The world is set to blow past the 2 degrees Celsius (35.6 degrees Fahrenheit) global warming limit that was put forward in the 2015 Paris climate agreement, as nations worldwide have failed to keep pledges, make budgets and accelerate the transition toward cleaner energy. There has been some progress but unfortunately at a snail's pace, which means the globe will get warmer still.
While the COVID-19 pandemic initially caused a drop in greenhouse gas emissions as economic activity ground to a halt, the pandemic may not have accelerated the shift to renewables.
Renewables are now the No. 2 source of electricity in the world with a 26% share in 2019 – behind coal, but ahead of natural gas and nuclear.
Wind and solar power have grown at annual rates of 22% and 36%, respectively, as their prices have plunged since 1990.
Even during the pandemic, 26 gigawatts (GW) of capacity were added last year, setting a new record, according to the International Renewable Energy Agency (IRENA).
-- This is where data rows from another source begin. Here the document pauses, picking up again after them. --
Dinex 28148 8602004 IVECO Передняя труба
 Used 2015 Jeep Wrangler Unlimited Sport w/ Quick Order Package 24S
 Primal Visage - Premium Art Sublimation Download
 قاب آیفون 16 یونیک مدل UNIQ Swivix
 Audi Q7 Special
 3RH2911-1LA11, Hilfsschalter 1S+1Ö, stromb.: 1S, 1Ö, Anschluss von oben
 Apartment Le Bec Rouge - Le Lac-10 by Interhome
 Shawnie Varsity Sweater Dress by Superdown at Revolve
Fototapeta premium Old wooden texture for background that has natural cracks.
But the use of fossil fuels in final consumption (electricity, transportation fuel, heating and factory production) has held steady.
At 80.3% in 2009, it was still 80.2% in 2019, as overall energy consumption increases thanks to population growth and rising incomes in Asia.
Pushed by tighter pollution regulations, leading automakers are aiming to scrap internal combustion engines within the next decade or sharply cut their production as they shift toward all-electric futures.
Roads are still crowded with polluting cars: electric vehicles only make up 5% of new units sold.
The International Energy Agency (IEA) says consumers continue to prefer big SUVs – they accounted for 42% of sales in 2020 – that pollute more than smaller models.
From Australia to China to the European Union, more and more nations are setting their sights on green hydrogen for lorries and factories.
While burning hydrogen as fuel emits just water, most of the gas is made in a process that produces harmful emissions.
Finding cost-effective ways to produce hydrogen cleanly and developing the infrastructure for its use will require more effort, with the IEA urging a quadrupling of investments in the sector.
In mid-2020 some 44 countries and 31 cities accounting for 60% of global economic output had carbon pricing (taxes or quotas) schemes in place, according to the I4CE think tank.
Carbon prices aim to make polluters pay for some of the social costs of emissions such as health care costs due to poor air quality and crop damage due to climate change.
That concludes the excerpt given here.